Technology stocks, which have driven much of the market’s gains in recent years, took the brunt of Tuesday’s selling pressure. Nvidia, a key player in the artificial intelligence boom, fell 2.8%, further dragging down the Nasdaq. The semiconductor giant’s shares are already down more than 5% in 2025, underperforming the broader market. Investors are eagerly awaiting Nvidia’s quarterly earnings report, scheduled for Wednesday after the closing bell.
Other tech momentum stocks also retreated. Palantir dropped 3%, adding to its 13% decline for the week. Meta Platforms slid 1.6%, while Tesla plummeted more than 8%, causing its market capitalization to drop below the $1 trillion threshold.
The banking sector was not spared from the selloff. Shares of major U.S. banks including Goldman Sachs, Wells Fargo, and JPMorgan Chase each fell more than 1% amid rising recession concerns. This suggests that investors are growing worried about the broader impact of economic slowdown on financial institutions.
In a flight to safety, investors turned to U.S. Treasury bonds, pushing the benchmark 10-year yield below 4.3% – its lowest level since December. Bond yields and prices move in opposite directions, indicating increased demand for these safer assets. In the cryptocurrency market, Bitcoin tumbled below $90,000, hitting a three-month low and trading nearly 20% below its all-time high reached on President Donald Trump’s Inauguration Day.
Adding to market anxiety are escalating trade tensions. President Trump announced that tariffs on imports from Canada and Mexico “will go forward” after the current 30-day moratorium expires. Trump has already rolled out a new 10% levy on all Chinese imports and announced tariffs on global steel and aluminum imports. He has also mentioned plans to introduce 25% tariffs on autos, semiconductors, and pharmaceutical imports.
These tariff announcements create uncertainty for investors, who worry about potential inflationary pressures at a time when the Federal Reserve has paused its rate-cutting cycle. “The tariffs, to us, are the biggest known unknown for markets and investors,” said Anthony Saglimbene, chief market strategist at Ameriprise Financial.
Analysts forecasts the S&P 500 will finish 2025 at 6,500
Despite the recent market volatility, a Reuters poll of 54 equity strategists, analysts, brokers, and portfolio managers forecasts the S&P 500 will finish 2025 at 6,500 – about 9% above Tuesday’s close. The poll, conducted between February 13-25, suggests that solid corporate earnings growth will continue to support gains in equities.
Analysts expect S&P 500 earnings growth of 11.1% in 2025, compared with 11.7% in 2024, with growth for the final quarter of 2024 set to be the highest since 2021, according to LSEG data. “The economy is growing, inflation has been sticky but it’s much lower than it was just six months or a year ago, and corporate profits are growing,” Saglimbene noted.

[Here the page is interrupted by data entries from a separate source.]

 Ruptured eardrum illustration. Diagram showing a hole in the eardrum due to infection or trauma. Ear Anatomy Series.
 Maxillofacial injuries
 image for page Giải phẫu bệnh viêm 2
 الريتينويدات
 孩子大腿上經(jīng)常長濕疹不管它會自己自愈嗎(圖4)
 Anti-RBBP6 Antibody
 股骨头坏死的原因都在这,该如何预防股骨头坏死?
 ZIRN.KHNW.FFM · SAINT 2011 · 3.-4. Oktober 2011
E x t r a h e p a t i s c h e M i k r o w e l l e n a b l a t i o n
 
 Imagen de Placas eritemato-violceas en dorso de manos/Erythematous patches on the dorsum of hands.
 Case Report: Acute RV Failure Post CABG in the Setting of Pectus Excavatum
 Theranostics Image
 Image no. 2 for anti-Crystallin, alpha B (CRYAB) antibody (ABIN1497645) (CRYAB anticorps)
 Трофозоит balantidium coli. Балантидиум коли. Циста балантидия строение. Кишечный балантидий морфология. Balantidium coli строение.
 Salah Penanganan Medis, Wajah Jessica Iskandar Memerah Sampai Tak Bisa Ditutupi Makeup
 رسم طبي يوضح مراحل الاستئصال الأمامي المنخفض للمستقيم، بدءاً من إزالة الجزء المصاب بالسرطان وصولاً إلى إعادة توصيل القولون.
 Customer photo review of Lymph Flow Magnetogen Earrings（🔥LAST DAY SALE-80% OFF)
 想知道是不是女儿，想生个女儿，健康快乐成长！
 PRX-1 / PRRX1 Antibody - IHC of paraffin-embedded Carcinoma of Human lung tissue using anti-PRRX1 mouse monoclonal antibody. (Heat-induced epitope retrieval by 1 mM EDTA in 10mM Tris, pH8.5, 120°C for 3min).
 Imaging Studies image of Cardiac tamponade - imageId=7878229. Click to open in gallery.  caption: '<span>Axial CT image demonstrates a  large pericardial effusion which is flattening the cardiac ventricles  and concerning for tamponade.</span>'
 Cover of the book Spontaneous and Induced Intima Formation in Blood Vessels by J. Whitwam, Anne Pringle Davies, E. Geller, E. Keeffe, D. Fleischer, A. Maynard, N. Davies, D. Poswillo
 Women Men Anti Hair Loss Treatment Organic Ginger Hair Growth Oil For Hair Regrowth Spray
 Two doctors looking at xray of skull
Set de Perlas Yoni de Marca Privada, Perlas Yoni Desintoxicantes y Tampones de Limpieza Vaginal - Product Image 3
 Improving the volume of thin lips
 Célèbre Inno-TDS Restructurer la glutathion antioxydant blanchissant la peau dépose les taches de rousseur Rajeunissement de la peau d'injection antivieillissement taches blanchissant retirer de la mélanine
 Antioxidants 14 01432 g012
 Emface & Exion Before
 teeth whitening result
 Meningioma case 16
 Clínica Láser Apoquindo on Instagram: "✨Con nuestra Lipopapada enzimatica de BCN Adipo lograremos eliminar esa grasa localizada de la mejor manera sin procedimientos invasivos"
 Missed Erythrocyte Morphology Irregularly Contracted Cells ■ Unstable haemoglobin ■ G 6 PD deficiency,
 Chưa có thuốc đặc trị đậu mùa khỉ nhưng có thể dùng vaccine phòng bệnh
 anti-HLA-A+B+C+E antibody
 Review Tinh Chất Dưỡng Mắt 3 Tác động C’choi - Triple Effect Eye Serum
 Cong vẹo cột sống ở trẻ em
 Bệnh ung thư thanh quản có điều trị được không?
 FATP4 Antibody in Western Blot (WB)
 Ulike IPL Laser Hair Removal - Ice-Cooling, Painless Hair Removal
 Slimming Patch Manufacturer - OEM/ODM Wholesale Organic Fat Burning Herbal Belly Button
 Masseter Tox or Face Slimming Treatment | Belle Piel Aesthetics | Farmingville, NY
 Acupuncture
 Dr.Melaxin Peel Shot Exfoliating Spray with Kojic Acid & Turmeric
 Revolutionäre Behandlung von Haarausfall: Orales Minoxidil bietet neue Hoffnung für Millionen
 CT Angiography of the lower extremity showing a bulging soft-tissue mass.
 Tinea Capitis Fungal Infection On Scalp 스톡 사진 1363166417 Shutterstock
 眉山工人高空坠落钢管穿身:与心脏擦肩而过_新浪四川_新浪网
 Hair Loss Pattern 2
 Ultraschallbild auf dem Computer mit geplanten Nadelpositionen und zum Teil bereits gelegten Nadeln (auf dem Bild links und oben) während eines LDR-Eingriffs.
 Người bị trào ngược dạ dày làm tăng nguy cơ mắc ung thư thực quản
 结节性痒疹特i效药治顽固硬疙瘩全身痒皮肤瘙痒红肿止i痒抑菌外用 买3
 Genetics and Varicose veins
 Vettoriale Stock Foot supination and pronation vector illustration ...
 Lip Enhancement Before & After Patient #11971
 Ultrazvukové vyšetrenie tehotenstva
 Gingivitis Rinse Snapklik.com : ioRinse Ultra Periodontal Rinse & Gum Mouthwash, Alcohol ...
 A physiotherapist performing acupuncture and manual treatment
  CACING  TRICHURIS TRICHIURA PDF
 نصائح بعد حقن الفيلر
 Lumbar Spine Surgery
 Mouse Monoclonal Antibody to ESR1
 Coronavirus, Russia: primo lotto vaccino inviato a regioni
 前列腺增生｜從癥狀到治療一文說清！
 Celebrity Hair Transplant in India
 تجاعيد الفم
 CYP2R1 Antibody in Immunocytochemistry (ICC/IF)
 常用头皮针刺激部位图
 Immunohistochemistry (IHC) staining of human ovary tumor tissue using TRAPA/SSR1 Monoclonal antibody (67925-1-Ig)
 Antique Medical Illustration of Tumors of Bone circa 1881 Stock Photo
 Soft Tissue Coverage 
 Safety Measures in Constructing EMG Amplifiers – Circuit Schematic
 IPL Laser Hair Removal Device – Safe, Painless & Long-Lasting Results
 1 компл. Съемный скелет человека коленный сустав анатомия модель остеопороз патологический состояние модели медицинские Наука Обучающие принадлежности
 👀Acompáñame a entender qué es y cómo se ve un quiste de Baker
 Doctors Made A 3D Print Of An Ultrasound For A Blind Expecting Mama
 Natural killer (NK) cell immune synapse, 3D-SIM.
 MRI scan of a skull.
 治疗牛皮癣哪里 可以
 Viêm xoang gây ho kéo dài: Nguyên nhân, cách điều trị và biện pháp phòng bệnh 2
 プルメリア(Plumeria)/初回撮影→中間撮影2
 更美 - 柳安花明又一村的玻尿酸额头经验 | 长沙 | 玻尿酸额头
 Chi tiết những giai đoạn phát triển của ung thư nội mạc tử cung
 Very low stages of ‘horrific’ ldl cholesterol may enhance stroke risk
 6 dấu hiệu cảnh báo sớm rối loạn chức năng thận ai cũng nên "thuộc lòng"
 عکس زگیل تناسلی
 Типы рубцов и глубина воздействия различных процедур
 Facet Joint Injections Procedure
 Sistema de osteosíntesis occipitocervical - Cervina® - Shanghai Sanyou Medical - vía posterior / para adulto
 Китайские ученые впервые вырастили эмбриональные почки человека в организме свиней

However, many market experts warn that increased volatility may be on the horizon. When asked whether a stock market correction of at least 10% is likely in the coming three months, 13 of 19 poll participants said it was likely or highly likely. “Those with a short-term horizon, they could be a little rattled by volatility. We just have so many unknowns as we start 2025,” said Kristina Hooper, chief global market strategist at Invesco in New York.
President Trump’s ongoing government workforce reduction program, directed by Tesla CEO Elon Musk’s Department of Government Efficiency, has resulted in thousands of federal worker job cuts in recent weeks. These changes, along with Trump’s foreign policy positions, add another layer of uncertainty to the market outlook.